La thématique du film me paraît toutefois moins accrocheuse que celle de « Us », « Nope » en devenant peut-être, pour moi, moins prenant. Ça n’en fait pas pour autant un film mineur, d’autant que les acteurs (pour la plupart issus des minorités) sont au top (superbes Daniel Kaluuya et Keke Palmer) et que le long-métrage est thématiquement très riche. Jordan Peele reste donc toujours aussi pertinent, le fond et la forme venant se compléter. Rendez-vous au prochain film.
Prey, de Dan Trachtenberg
Je dois l’avouer, je n’ai jamais rien vu de la franchise « Predator », jusqu’à ce « Prey » sorti cette année et qui en est une préquelle. Ça n’est pas un problème, le film ne demande aucune connaissance préalable de cet univers.

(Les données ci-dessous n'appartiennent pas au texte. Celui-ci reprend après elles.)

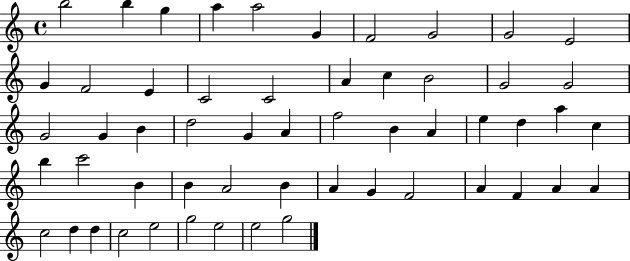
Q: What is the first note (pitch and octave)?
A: B5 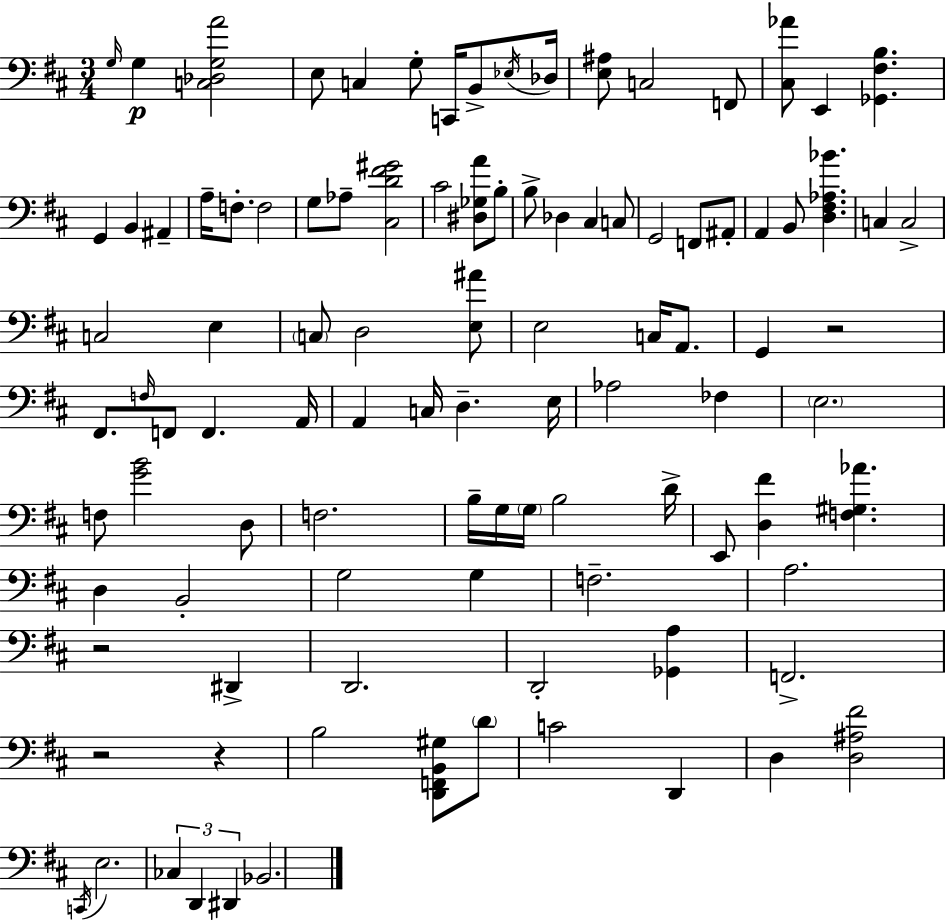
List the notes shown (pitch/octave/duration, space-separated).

G3/s G3/q [C3,Db3,G3,A4]/h E3/e C3/q G3/e C2/s B2/e Eb3/s Db3/s [E3,A#3]/e C3/h F2/e [C#3,Ab4]/e E2/q [Gb2,F#3,B3]/q. G2/q B2/q A#2/q A3/s F3/e. F3/h G3/e Ab3/e [C#3,D4,F#4,G#4]/h C#4/h [D#3,Gb3,A4]/e B3/e B3/e Db3/q C#3/q C3/e G2/h F2/e A#2/e A2/q B2/e [D3,F#3,Ab3,Bb4]/q. C3/q C3/h C3/h E3/q C3/e D3/h [E3,A#4]/e E3/h C3/s A2/e. G2/q R/h F#2/e. F3/s F2/e F2/q. A2/s A2/q C3/s D3/q. E3/s Ab3/h FES3/q E3/h. F3/e [G4,B4]/h D3/e F3/h. B3/s G3/s G3/s B3/h D4/s E2/e [D3,F#4]/q [F3,G#3,Ab4]/q. D3/q B2/h G3/h G3/q F3/h. A3/h. R/h D#2/q D2/h. D2/h [Gb2,A3]/q F2/h. R/h R/q B3/h [D2,F2,B2,G#3]/e D4/e C4/h D2/q D3/q [D3,A#3,F#4]/h C2/s E3/h. CES3/q D2/q D#2/q Bb2/h. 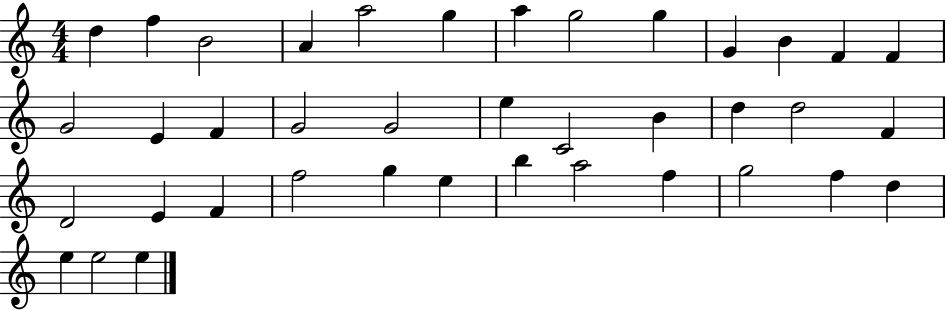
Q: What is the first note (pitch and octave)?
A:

Dan Trachtenberg (déjà vu en réalisateur sur un épisode de « Black mirror » et de « The boys », et surtout sur le film « 10 Cloverfield Lane ») se réapproprie cette licence pour la relancer au XVIIIe siècle, sur le territoire des Comanches.
Le pitch est simple : un Predator débarque et, conformément à la culture de son peuple, se met à chasser, jusqu’à trouver une proie digne de lui. De fil en aiguille, c’est la jeune Naru, dont le vœu est de devenir une guerrière plutôt qu’une cueilleuse pour la tribu, qui va lui procurer ce challenge.
Un pitch simplissime donc, mais efficace, et cette épure scénaristique joue pleinement pour lui. On y trouve quelques écarts thématiques (sur la culture améridienne, proche de la nature, comparée aux vils envahisseurs Européens sans foi ni loi) un peu présentés à la truelle mais ça ne vient pas perturber le déroulé du film, parfaitement maîtrisé.
C’est donc haletant, prenant, et on saluera au passage la prestation de Amber Midthunder, elle-même issue de la nation Sioux. Seul bémol, alors que tout s’était bien déroulé et qu’on s’approchait du sans faute, la fin nous montre un Predator devenu complètement idiot, pour une résolution scénaristique qui tombe dans la facilité. Vraiment dommage… Hormis cela, « Prey » est une belle réussite inattendue, qui m’incite à aller faire un tour du côté des premiers films de la franchise.
Les Anneaux de Pouvoir, saison 1, de J.D. Payne et Patrick McKay
Alors alors… Attendu depuis longtemps, auréolé (ou pas…) de son budget colossal, la série d’Amazon basée sur quelques lignes des appendices du « Seigneur des Anneaux » de J.R.R. Tolkien était attendue au tournant, c’est le moins que l’on puisse dire. La question se posait de savoir ce qu’elle allait raconter puisque l’entreprise de Jeff Bezos n’a pas les droits du « Silmarillion ». Et pourtant, les producteurs nous avaient (r)assurés en affirmant qu’il y avait suffisamment de matière pour aborder le retour de Sauron, la fabrication des Anneaux (c’est la moindre des choses quand on s’appelle « Les anneaux de pouvoir »…), la submersion de Númenor, la dernière alliance des Elfes et des Hommes… Ca en fait des choses, tout ça en, a priori, cinq saisons…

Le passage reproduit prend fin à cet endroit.